Kayembe was born in Élisabethville, Belgian Congo (present-day Lubumbashi, DR Congo), and graduated from military academies in France, including Saint-Cyr. He later graduated from the U.S. Army Command and General Staff College. Kayembe's senior posts included as deputy minister of defense, deputy chief of staff of the military headquarters, and Director-General of the Military Detection of Unpatriotic Activities (DEMIAP). As the FARDC chief of staff from 2007 to 2007, he planned Operation Kimia against the Rwandan FDLR militia, and proposed a plan for the reform and professionalization of the armed forces. He was removed after the collapse of FARDC forces near Goma in late 2008 during an offensive by CNDP rebels.
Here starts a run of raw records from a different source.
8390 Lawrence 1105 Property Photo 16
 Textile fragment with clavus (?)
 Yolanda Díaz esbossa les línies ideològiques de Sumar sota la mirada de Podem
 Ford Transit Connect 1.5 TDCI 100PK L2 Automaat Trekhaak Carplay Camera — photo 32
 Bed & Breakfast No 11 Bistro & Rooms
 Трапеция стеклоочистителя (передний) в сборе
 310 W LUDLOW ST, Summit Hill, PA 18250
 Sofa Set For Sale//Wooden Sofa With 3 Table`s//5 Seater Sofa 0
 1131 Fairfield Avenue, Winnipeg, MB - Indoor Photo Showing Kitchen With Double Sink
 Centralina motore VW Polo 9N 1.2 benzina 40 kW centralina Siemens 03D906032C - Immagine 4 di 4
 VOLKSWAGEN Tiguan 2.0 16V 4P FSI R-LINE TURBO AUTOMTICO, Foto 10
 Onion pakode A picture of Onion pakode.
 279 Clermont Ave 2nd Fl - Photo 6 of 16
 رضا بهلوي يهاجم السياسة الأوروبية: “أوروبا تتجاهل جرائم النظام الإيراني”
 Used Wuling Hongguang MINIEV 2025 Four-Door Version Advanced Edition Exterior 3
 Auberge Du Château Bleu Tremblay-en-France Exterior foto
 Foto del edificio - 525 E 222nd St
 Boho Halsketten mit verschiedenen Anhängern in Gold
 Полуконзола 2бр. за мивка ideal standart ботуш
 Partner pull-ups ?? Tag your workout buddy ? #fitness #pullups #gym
==Early life and education==
Dieudonné Kayembe Mbandakulu Tshisuma was born on 9 April 1945 at Élisabethville, Haut-Katanga District, Belgian Congo. He attended primary and secondary school Mbuji-Mayi. He joined the Congolese military at a young age and entered the École spéciale militaire de Saint-Cyr in France. After he finished that training, he was admitted to a branch school, specifically the Cavalry School at Saumur, France.

==Military career==
Kayembe later studied at the United States Army Command and General Staff College, where he received a staff officer certificate. After returning from the United States, in March 1999 promoted to brigadier general and became deputy minister of defense, while President Laurent-Désiré Kabila served as defense minister. In 2002 Kayembe became the deputy chief of staff of the military headquarters, and was later made the Director-General of the Military Detection of Unpatriotic Activities (DEMIAP), the military intelligence of the Armed Forces of the Democratic Republic of the Congo (FARDC). He was replaced as the head of military intelligence by Brig. Gen. Didier Etumba on 13 August 2003.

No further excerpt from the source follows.